Para que los sectores dominantes de este modelo agrícola sigan elevando su rentabilidad, requieren de la modificación de ciertas normativas. Por ello, la presión para modificar la Ley de Semillas y Creaciones Fitogenética Nº 20.247 que tomó un nuevo impulso en 2012; y la de Fitosanitarios (agrotóxicos), como ya lo ha expresado la Asociación de Cámaras de Tecnología Agropecuaria (ACTA) a fines de 2014.
La Ley de Semillas actual, que data de 1973, legisla sobre toda la producción, certificación y comercialización de semillas (no sólo las transgénicas), y establece una forma de propiedad intelectual sobre variedades vegetales denominada Derechos de Obtentor. La ley vigente reconoce que no lesiona ese derecho quien reserva y siembra semilla para su propio uso.

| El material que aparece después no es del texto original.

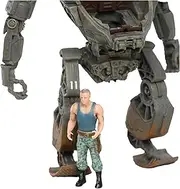 McFarlane Toys - Avatar - Amp Suit & Colonel Miles Quaritch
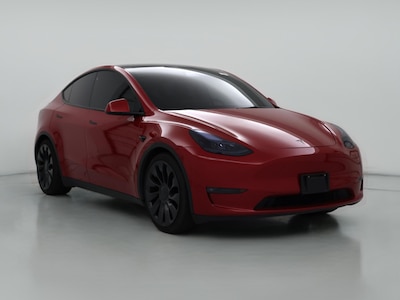 2021 Tesla Model Y Performance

La reforma lo que intenta es restringir cada vez más esa posibilidad, al tiempo que busca incrementar sanciones, otorgando a las empresas el poder de policía para controlar y fiscalizar los campos en el caso de que se presuma que la ley no se cumple.
La ley de agrotóxicos flexibilizaría las reglamentaciones de control de esos productos. Se eliminaría la posibilidad de “cancelación de un registro otorgado o la reclasificación de un producto” ante evidencia científica sobre efectos adversos y nocivos sobre la salud, desconociendo el “principio precautorio” establecido en la Ley General de Ambiente.
El modelo en los términos planteados se ha vuelto insostenible. La convivencia entre los agronegocios y otras formas de hacer agricultura no es la salida, ya que sólo llevan a la subordinación de esas agriculturas por los esquemas de producción y comercialización dominantes. Es urgente y necesario avanzar en políticas de transición hacia otro modelo agroalimentario, que vuelva a poner el eje en la producción de alimentos sanos y culturalmente apropiados; y en el cuidado de la biodiversidad y el resto de los recursos naturales, que son antes que nada bienes comunes.